SAN DIEGO -- Scott Stallings was in the 18th fairway at Torrey Pines, 222 yards from the front of the green, needing a birdie to give himself a shot at outright victory Sunday in the Farmers Insurance Open. That's when his caddie told him, "Let's see what you've got."
Above all, he had experience.
One year and one week ago, Stallings was in a similar situation at the Humana Challenge. He hit a 6-iron from 220 yards, forgetting to account for a hanging lie until the ball sailed left and bounded into the water, the final mistake on a day he blew a five-shot lead.
He didn't make the same mistake twice.
Stallings hammered a 4-iron that narrowly cleared the water and set up two putts from 40 feet for a birdie. It gave him a 4-under 68 and a one-shot lead that turned into a victory when no one could catch him.

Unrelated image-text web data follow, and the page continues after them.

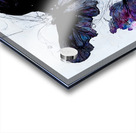 ButterflyEffect01 WB Acrylic print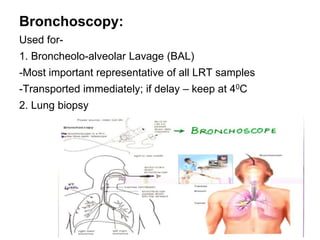 Bal Sample Collection Method COLLECTION AND TRANSPORTATION OF CLINICAL SAMPLES | PPT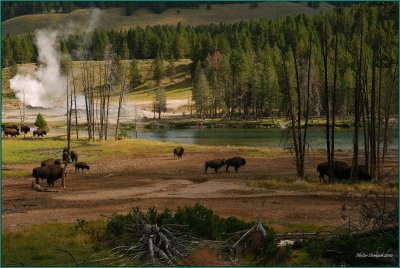 27-  Bison at home at Yellowstone National Park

"I don't think one would happen without the other," Stallings said. "I actually thought about 18 at Humana the whole time on 18 today. Not that I was like, 'Oh, don't hit it in the water.' But it was, 'Just make sure you pay attention to everything that's going on.'"
His final birdie capped off a wild day at Torrey Pines, one that didn't include Tiger Woods or Phil Mickelson for the first time in two decades. Nine players had a share of the lead at one point. Eight players still had a reasonable chance in the final hour.
Stallings emerged the winner with one big shot, and now he's headed back to the Masters.
K.J. Choi had the best score of the week on the South Course with a 66 and was among five players who tied for second. The pins were set up in favorable positions for birdies, making the course play the easiest it had all week.
Woodland appeared to have the best chance to catch Stallings. He was one shot behind -- with plenty of length to reach the 18th in two -- until he chose fairway metal off the tee on No. 17 and hooked it into the canyon. He felt he had to make his 45-foot par putt to have any chance, and three-putted for double bogey. Woodland, who had a one-shot lead going into the final round, missed an easy birdie attempt on the 18th and closed with a 74.
"This will be hard to swallow," Woodland said. "I felt like I kind of gave one away today."
Marc Leishman of Australia had the last chance to force a playoff, but his drive on the 18th went well right and bounced off the cart path and a fan. He had no chance to even consider going for the green in two. His wedge for an eagle stopped a few feet to the side of the hole, and a tap-in birdie gave him a 71.
Stallings finished at 9-under 279.
Jason Day (68) and Graham Delaet of Canada (68) each made birdie on the last hole to tie for second. So did Perez, the San Diego native who grew up at Torrey Pines and whose father is the longtime starter on the first tee at the Farmers Insurance Open. Perez missed a 10-foot birdie chance on the 17th. He closed with a 70.
"It's great and bad," Perez said about his runner-up finish. "This is the one I want to win more than anything in the world, and I came up short. ... I thought today would have been my day. I would like to be in that position again."
Spieth didn't make a birdie over the last 15 holes, and he fell back with back-to-back birdies late in the round. The 20-year-old Texan made a meaningless bogey on the last hole that only cost him a spot in the top 10. By then, his day was over. He closed with a 75.
"I just lost control of the golf ball," Spieth said.
He also revealed that he tweaked his ankle Friday and felt it kept him from getting into the right position on his back swing.
Stallings, who started the final round three shots behind, won for the third time in his career. Two of those were tournaments that Woods played, yet Woods wasn't around on Sunday either time. He missed the cut in the Greenbrier Classic and did not make the 54-hole cut at Torrey Pines.
Stallings made six birdies over his last 11 holes, along with a pair of bogeys. Most remarkable is that he managed to hit only four fairways in the final round. But one that he did was important -- the 537-yard closing hole, giving him a chance to get home in two for a birdie at worst.
He never considered laying up and trying to make birdie with a wedge in his hand.
"You don't get very many opportunities to win golf tournaments on this tour," he said. "I didn't necessarily understand the situation I was in as far as the score, but I did know I had an opportunity. ... I was playing to win."